WORK TO BE COMPLETED — When you copy from the entries that follow, take only the lines from the one with "1728 Diplomat Pkwy, Cape Coral, photo 38" down to the one with "Samú Costa celebra", keeping both ends and dropping every picture.

EXERCISE DATA —
━━━━━━━━━━━━━━━━━━━━━━━━━━━━━━
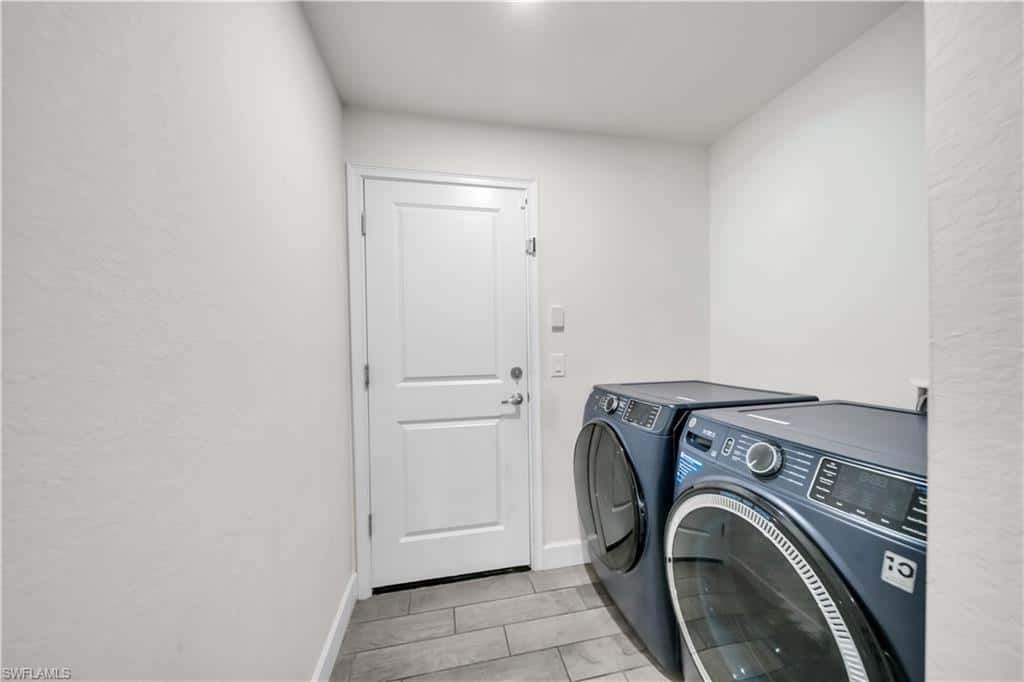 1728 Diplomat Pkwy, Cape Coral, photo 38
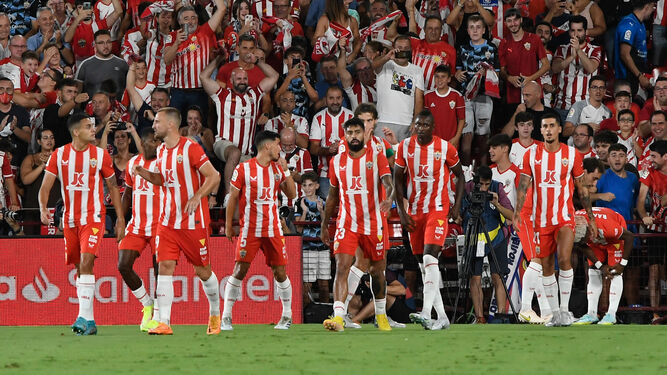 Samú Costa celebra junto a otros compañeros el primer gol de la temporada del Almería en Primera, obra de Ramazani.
━━━━━━━━━━━━━━━━━━━━━━━━━━━━━━
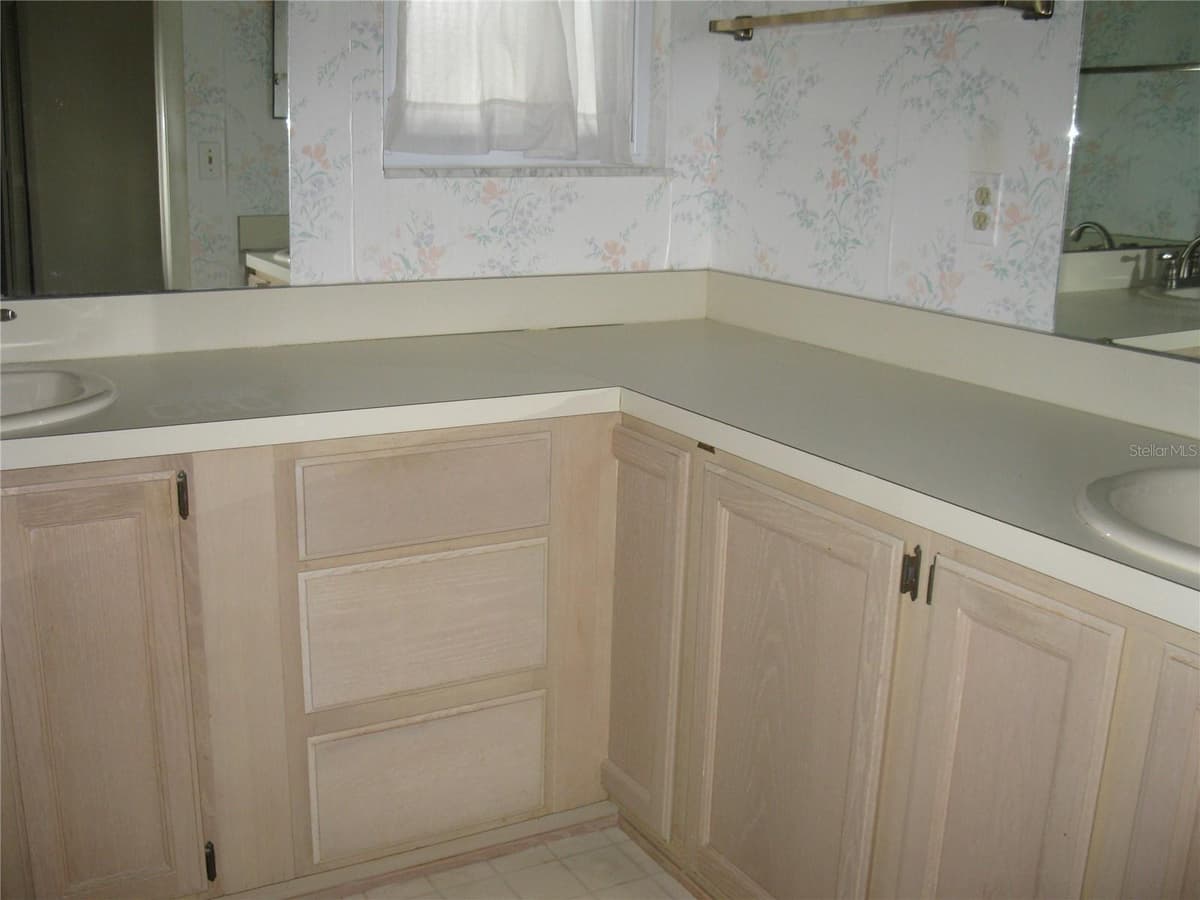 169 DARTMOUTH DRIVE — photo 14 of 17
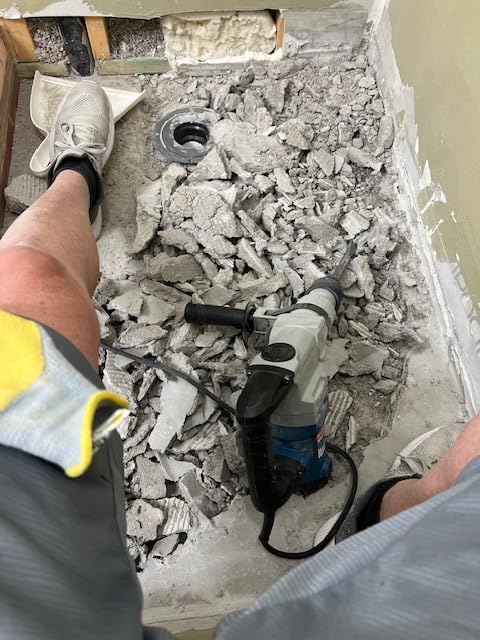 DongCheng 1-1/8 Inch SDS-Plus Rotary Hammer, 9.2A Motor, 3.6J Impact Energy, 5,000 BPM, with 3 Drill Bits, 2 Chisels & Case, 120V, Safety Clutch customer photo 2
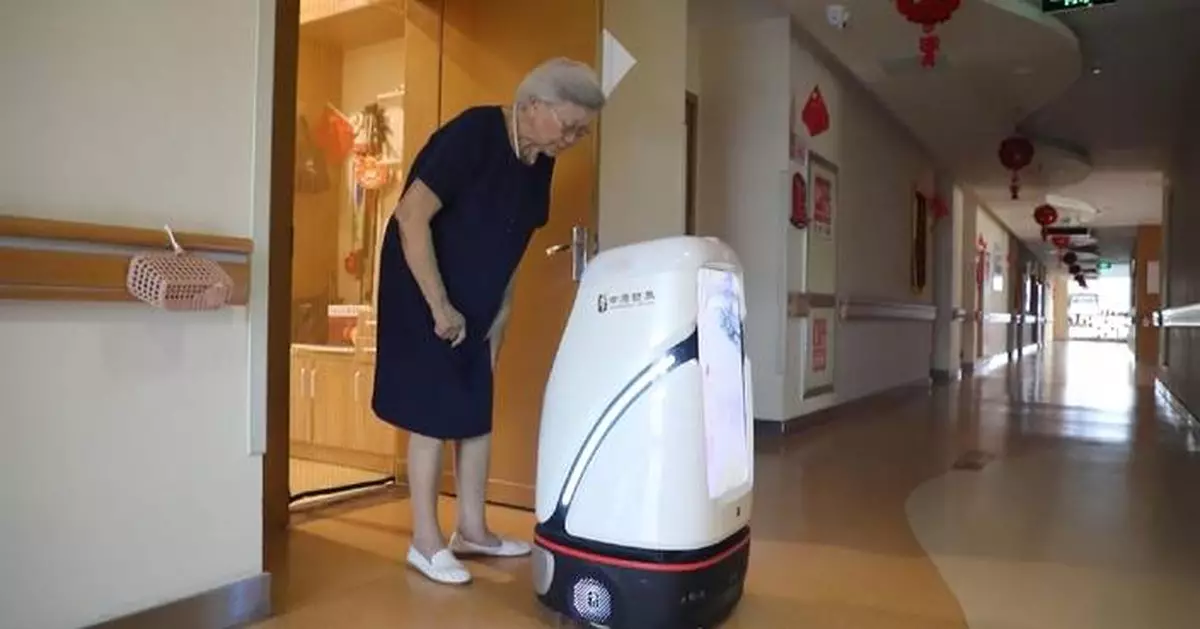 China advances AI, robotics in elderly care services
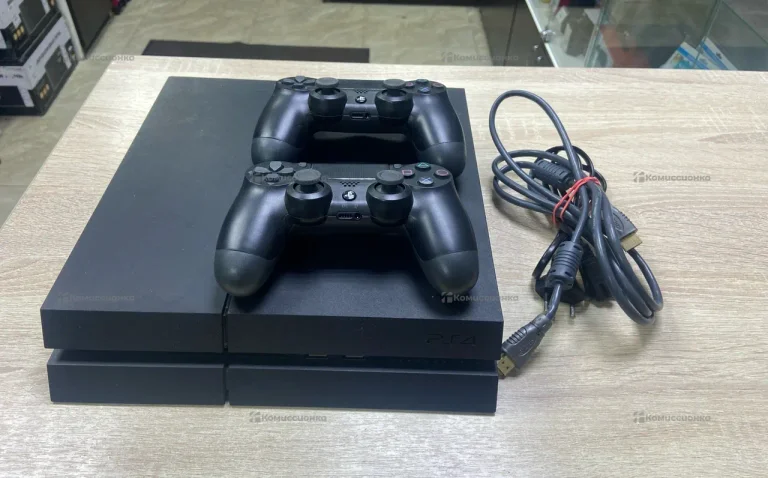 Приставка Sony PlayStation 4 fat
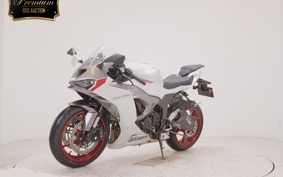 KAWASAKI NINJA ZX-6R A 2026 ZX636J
━━━━━━━━━━━━━━━━━━━━━━━━━━━━━━
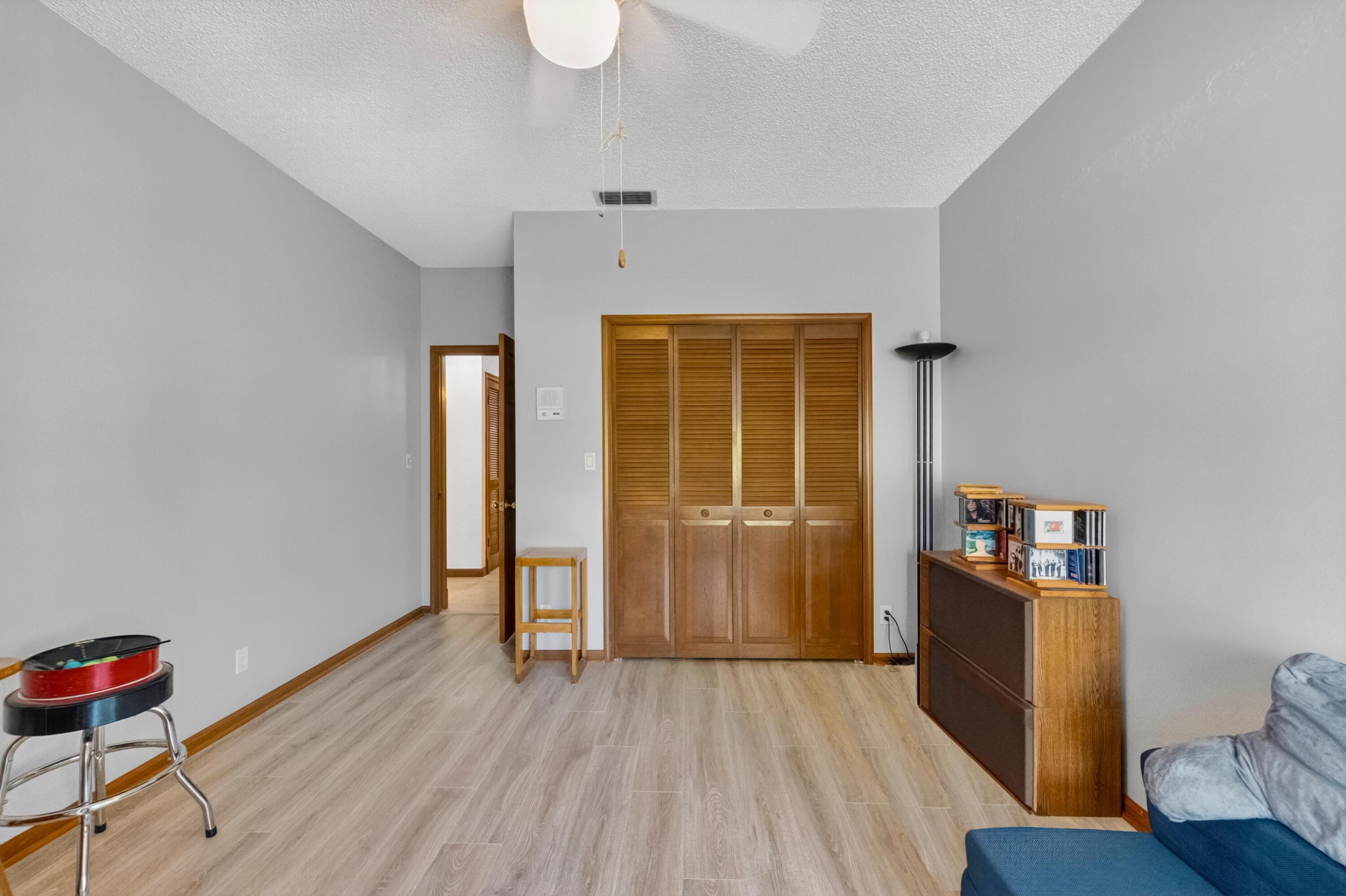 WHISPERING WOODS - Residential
━━━━━━━━━━━━━━━━━━━━━━━━━━━━━━
WRITTEN SOLUTION —
 1728 Diplomat Pkwy, Cape Coral, photo 38
 Samú Costa celebra junto a otros compañeros el primer gol de la temporada del Almería en Primera, obra de Ramazani.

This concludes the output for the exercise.